• _Exercise description_: When you answer, give every record back exactly as written.
▬▬▬▬▬▬▬▬▬▬
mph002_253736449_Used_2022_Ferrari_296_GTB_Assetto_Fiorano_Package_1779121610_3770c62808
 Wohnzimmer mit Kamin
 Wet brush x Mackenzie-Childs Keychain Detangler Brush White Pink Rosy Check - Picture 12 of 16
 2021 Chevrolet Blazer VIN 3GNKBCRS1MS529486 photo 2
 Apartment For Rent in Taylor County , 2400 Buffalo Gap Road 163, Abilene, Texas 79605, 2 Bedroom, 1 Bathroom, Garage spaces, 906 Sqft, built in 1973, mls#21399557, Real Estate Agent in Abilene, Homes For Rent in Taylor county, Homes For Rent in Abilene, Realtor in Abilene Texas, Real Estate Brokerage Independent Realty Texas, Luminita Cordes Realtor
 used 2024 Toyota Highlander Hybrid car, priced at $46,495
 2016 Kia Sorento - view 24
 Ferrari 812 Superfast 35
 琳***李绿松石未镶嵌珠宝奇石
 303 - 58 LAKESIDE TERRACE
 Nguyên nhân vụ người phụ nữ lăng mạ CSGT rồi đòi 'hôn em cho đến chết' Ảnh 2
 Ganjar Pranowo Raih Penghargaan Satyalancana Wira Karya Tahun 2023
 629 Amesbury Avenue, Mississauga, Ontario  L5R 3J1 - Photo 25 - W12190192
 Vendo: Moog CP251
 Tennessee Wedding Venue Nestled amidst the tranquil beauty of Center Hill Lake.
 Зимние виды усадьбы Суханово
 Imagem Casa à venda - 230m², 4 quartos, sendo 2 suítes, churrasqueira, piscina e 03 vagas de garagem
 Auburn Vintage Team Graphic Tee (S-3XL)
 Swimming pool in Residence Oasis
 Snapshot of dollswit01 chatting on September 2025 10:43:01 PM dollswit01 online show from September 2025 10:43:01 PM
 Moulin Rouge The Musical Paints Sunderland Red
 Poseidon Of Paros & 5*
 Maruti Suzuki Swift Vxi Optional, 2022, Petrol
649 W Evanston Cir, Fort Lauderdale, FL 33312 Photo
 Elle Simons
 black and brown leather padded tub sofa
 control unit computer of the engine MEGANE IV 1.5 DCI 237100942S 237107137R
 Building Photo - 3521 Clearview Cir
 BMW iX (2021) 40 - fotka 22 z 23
▬▬▬▬▬▬▬▬▬▬
• _Result of this task_:
mph002_253736449_Used_2022_Ferrari_296_GTB_Assetto_Fiorano_Package_1779121610_3770c62808
 Wohnzimmer mit Kamin
 Wet brush x Mackenzie-Childs Keychain Detangler Brush White Pink Rosy Check - Picture 12 of 16
 2021 Chevrolet Blazer VIN 3GNKBCRS1MS529486 photo 2
 Apartment For Rent in Taylor County , 2400 Buffalo Gap Road 163, Abilene, Texas 79605, 2 Bedroom, 1 Bathroom, Garage spaces, 906 Sqft, built in 1973, mls#21399557, Real Estate Agent in Abilene, Homes For Rent in Taylor county, Homes For Rent in Abilene, Realtor in Abilene Texas, Real Estate Brokerage Independent Realty Texas, Luminita Cordes Realtor
 used 2024 Toyota Highlander Hybrid car, priced at $46,495
 2016 Kia Sorento - view 24
 Ferrari 812 Superfast 35
 琳***李绿松石未镶嵌珠宝奇石
 303 - 58 LAKESIDE TERRACE
 Nguyên nhân vụ người phụ nữ lăng mạ CSGT rồi đòi 'hôn em cho đến chết' Ảnh 2
 Ganjar Pranowo Raih Penghargaan Satyalancana Wira Karya Tahun 2023
 629 Amesbury Avenue, Mississauga, Ontario  L5R 3J1 - Photo 25 - W12190192
 Vendo: Moog CP251
 Tennessee Wedding Venue Nestled amidst the tranquil beauty of Center Hill Lake.
 Зимние виды усадьбы Суханово
 Imagem Casa à venda - 230m², 4 quartos, sendo 2 suítes, churrasqueira, piscina e 03 vagas de garagem
 Auburn Vintage Team Graphic Tee (S-3XL)
 Swimming pool in Residence Oasis
 Snapshot of dollswit01 chatting on September 2025 10:43:01 PM dollswit01 online show from September 2025 10:43:01 PM
 Moulin Rouge The Musical Paints Sunderland Red
 Poseidon Of Paros & 5*
 Maruti Suzuki Swift Vxi Optional, 2022, Petrol
649 W Evanston Cir, Fort Lauderdale, FL 33312 Photo
 Elle Simons
 black and brown leather padded tub sofa
 control unit computer of the engine MEGANE IV 1.5 DCI 237100942S 237107137R
 Building Photo - 3521 Clearview Cir
 BMW iX (2021) 40 - fotka 22 z 23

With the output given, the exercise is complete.